Aus diesem Zusammenhang ergibt sich - mangels anderslautender Überleitungsvorschriften -, dass mit dem Wegfall eines Tourismusverbandes die von ihm erlassene Verordnung über den Promillesatz ihren Anwendungsbereich verliert, das heißt als Grundlage für eine Beitragserhebung für diesen Tourismusverband pro futuro nicht mehr in Betracht kommt, aber auch nicht als Grundlage für die Pflichtbeiträge eines anderen Tourismusverbandes (hier: des Tourismusverbandes Ötztal) herangezogen werden kann, mag auch dessen Gebiet nunmehr jenes des früheren Tourismusverbandes mitumfassen. Soweit in der Beschwerde daher Bedenken gegen die Verordnung des Tourismusverbandes Haiming und die Bestimmung des § 35 Abs 5 des Tiroler Tourismusgesetzes 2006 vorgebracht werden, ist auf diese nicht weiter einzugehen, weil die Anwendung dieser Verordnung durch die Behörden des Verwaltungsverfahrens nicht in Betracht kam und daher auch im Verfahren vor dem Verfassungsgerichtshof weder diese Verordnung noch ihre allfälligen gesetzlichen Grundlagen präjudiziell sind. Mit dem durch die bereits erwähnte Verordnung der Tiroler Landesregierung vom , LGBl. 104, angeordneten Wegfall (unter anderem) des Tourismusverbandes Haiming und der gleichzeitigen Errichtung des Tourismusverbandes Ötztal wurde den Promillesatz-Verordnungen der einzelnen früheren Tourismusverbände daher insoweit derogiert, als sie für Zeiträume nach Wegfall dieser Tourismusverbände keine Beitragspflicht mehr begründen können. Ein Promillesatz zur Vorschreibung von Beiträgen zum (neuen) Tourismusverband Ötztal wäre von der Vollversammlung dieses Tourismusverbandes (auf Grundlage seines eigenen Haushaltsplanes) zu beschließen gewesen. Da eine solche Verordnung dem angefochtenen Bescheid nicht zugrunde liegt, ist die Vorschreibung des Tourismusbeitrages an die beschwerdeführende Gesellschaft gesetzlos ergangen. Die beschwerdeführende Gesellschaft wurde daher in ihrem verfassungsgesetzlich gewährleisteten Recht auf Unversehrtheit des Eigentums verletzt.
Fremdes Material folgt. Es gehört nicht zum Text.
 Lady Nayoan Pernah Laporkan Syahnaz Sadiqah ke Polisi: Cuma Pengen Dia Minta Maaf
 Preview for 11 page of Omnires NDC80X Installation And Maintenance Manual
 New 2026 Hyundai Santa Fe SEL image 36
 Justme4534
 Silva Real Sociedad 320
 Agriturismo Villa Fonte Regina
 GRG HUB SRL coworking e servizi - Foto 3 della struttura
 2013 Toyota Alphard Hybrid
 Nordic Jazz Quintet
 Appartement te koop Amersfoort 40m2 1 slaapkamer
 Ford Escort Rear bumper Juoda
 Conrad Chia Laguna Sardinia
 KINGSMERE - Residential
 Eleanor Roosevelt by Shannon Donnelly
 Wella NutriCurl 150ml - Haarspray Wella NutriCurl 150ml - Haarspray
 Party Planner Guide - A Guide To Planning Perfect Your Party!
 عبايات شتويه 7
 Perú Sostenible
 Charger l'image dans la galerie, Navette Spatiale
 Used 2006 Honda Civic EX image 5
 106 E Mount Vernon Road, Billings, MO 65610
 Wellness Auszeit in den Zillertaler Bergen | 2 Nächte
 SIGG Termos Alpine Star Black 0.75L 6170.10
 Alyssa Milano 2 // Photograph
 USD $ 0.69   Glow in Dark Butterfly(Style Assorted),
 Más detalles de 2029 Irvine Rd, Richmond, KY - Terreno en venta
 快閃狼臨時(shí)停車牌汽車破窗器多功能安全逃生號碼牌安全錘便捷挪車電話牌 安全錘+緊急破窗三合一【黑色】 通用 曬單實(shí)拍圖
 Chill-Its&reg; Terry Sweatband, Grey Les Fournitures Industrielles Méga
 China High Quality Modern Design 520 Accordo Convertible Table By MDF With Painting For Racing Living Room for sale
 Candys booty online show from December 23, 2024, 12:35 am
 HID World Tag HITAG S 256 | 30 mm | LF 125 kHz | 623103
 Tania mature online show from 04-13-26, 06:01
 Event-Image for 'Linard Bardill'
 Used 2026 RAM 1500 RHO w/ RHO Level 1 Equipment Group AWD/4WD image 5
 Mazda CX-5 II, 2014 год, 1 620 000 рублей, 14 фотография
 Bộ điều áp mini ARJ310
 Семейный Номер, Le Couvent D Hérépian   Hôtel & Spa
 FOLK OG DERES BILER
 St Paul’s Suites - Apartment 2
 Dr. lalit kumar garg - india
2. Der angefochtene Bescheid ist daher schon deswegen aufzuheben.

3. Die Kostenentscheidung beruht auf § 88 VfGG. In den zugesprochenen Kosten ist Umsatzsteuer in Höhe von € 360,-- und eine Eingabengebühr gemäß § 17a VfGG in Höhe von € 180,-- enthalten.

4. Eine mündliche Verhandlung konnte unterbleiben (§19 Abs 4 erster Satz VfGG).